Beberapa negara telah menerapkan kebijakan redenominasi mata uang untuk mengatasi hiperinflasi dan menyeimbangkan nilai tukar. Redenominasi, berbeda dengan sanering, hanya mengurangi jumlah digit dalam mata uang tanpa memengaruhi daya beli masyarakat. Berikut ini adalah contoh dari beberapa negara yang telah melakukannya:
- Hungaria (1946): Menghadapi hiperinflasi ekstrem setelah Perang Dunia II, Hungaria mengganti mata uang pengő menjadi forint dengan nilai tukar yang fantastis, yaitu 400 oktiliun pengő untuk satu forint. Ini merupakan salah satu kasus redenominasi terbesar dalam sejarah.

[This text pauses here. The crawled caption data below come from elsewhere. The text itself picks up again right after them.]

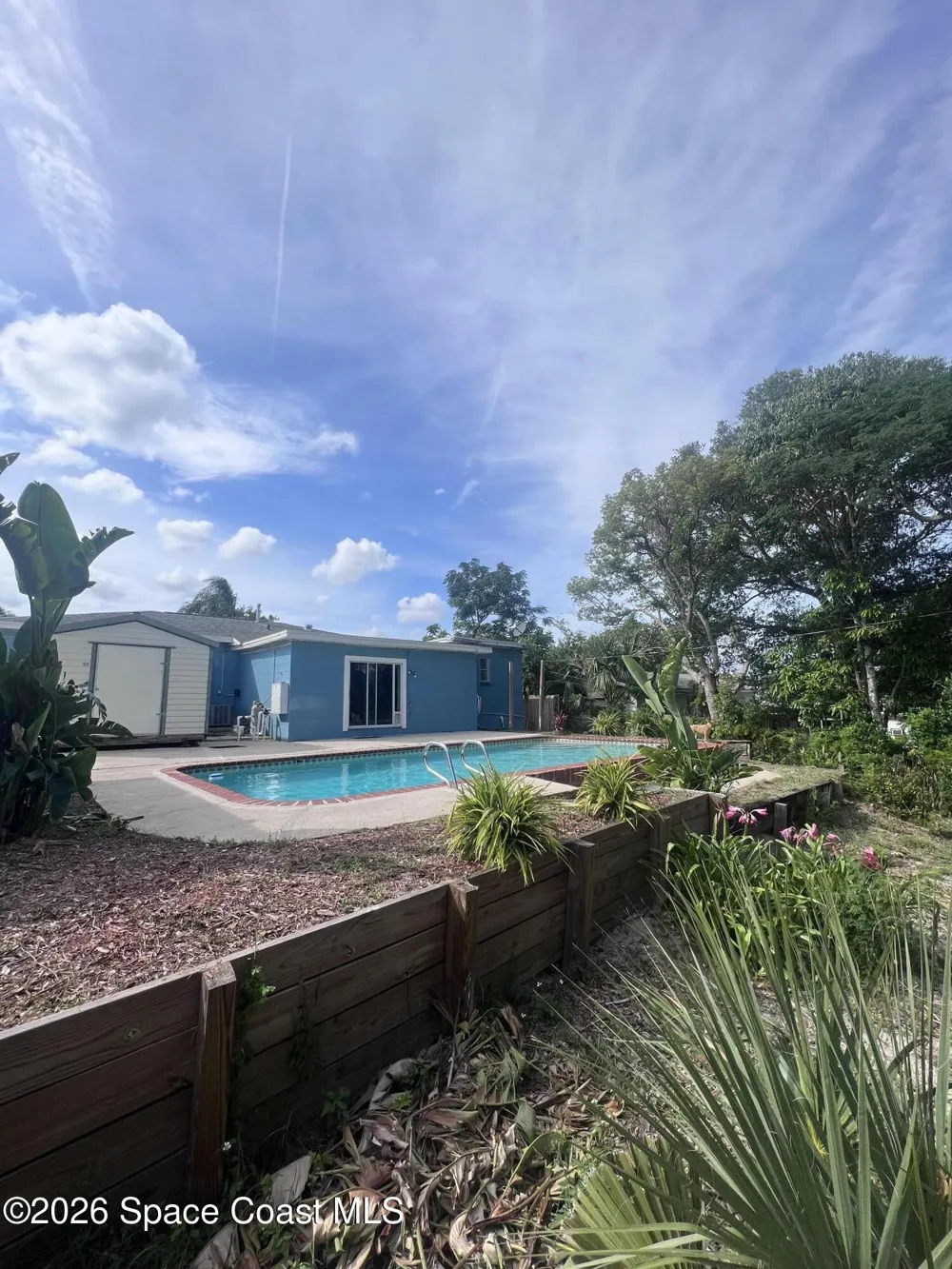 1717 La Marche Drive Cocoa, FL 32926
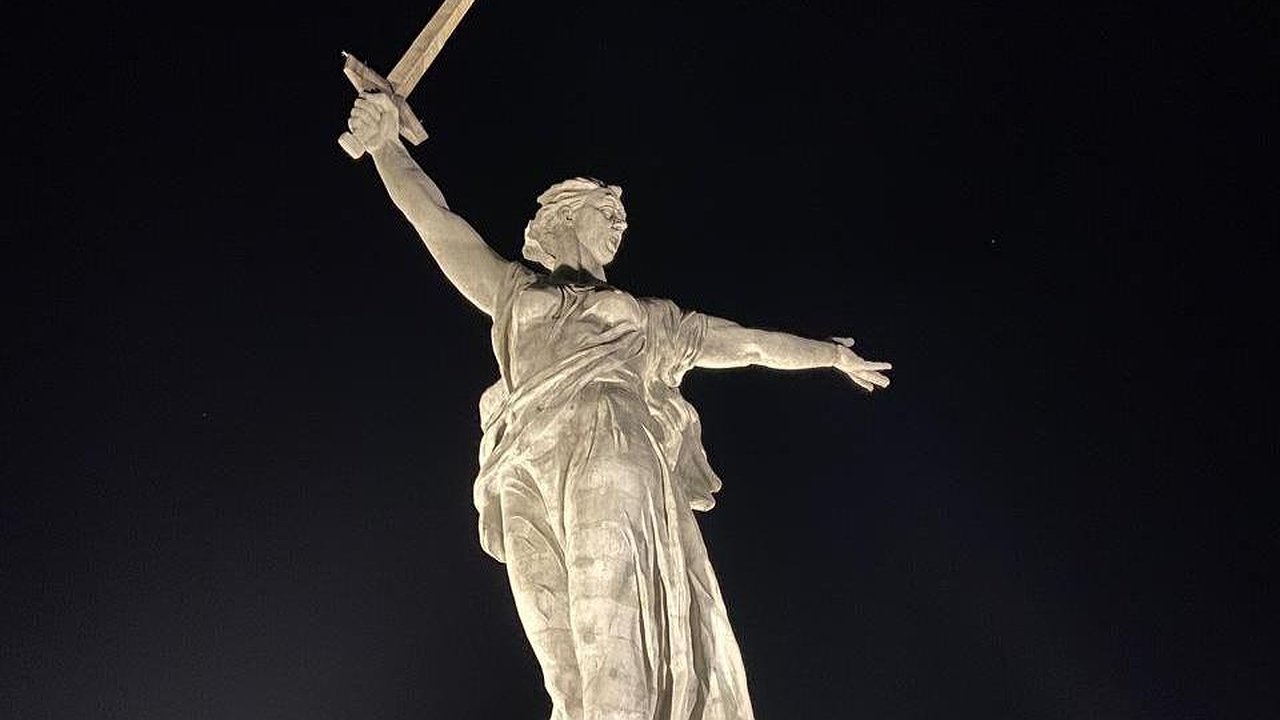 Главная картинка новости: В Татарстане отменили салют Победы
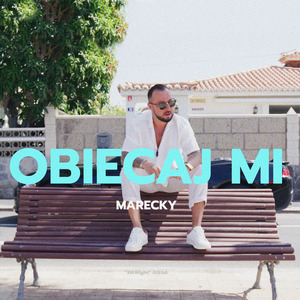 OBIECAJ MI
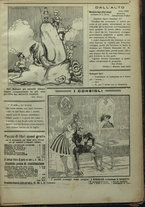 giornale/CFI0369920/1916/98/3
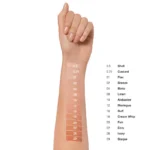 کرم پودر کلینیک SPF15 - تصویر 6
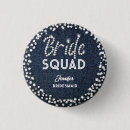 Suche nach wochenende buttons Bridesmaid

- Turki (2005): Turki menghapus enam nol dari mata uang lamanya, lira, menjadi lira baru. Redenominasi ini berhasil mengembalikan stabilitas ekonomi serta menjaga nilai mata uang yang lebih stabil setelah periode hiperinflasi berkepanjangan.
- Brazil (1994): Setelah berbagai upaya sebelumnya gagal, Brazil berhasil menerapkan mata uang real baru pada 1994. Redenominasi ini sukses mengurangi inflasi dan memperkuat perekonomian secara signifikan. Langkah ini dilatarbelakangi oleh upaya untuk mengendalikan inflasi yang selama beberapa dekade menjadi masalah kronis.
- Zimbabwe (2008-2009): Menghadapi hiperinflasi yang luar biasa, Zimbabwe melakukan beberapa kali redenominasi. Pada 2008, mereka menghapus 10 digit dari mata uangnya untuk melawan inflasi. Namun, masalah ekonomi yang terus berlanjut memaksa pemerintah melakukan redenominasi lebih lanjut hingga akhirnya memperkenalkan dolar Zimbabwe baru yang lebih stabil.
Pengalaman negara-negara tersebut menunjukkan bahwa redenominasi dapat memberikan hasil positif jika dilakukan pada waktu yang tepat dengan kondisi perekonomian yang stabil. Di Indonesia, wacana redenominasi rupiah masih berlanjut, dan kebijakan ini dianggap memiliki potensi untuk meningkatkan efisiensi transaksi tanpa memengaruhi daya beli masyarakat.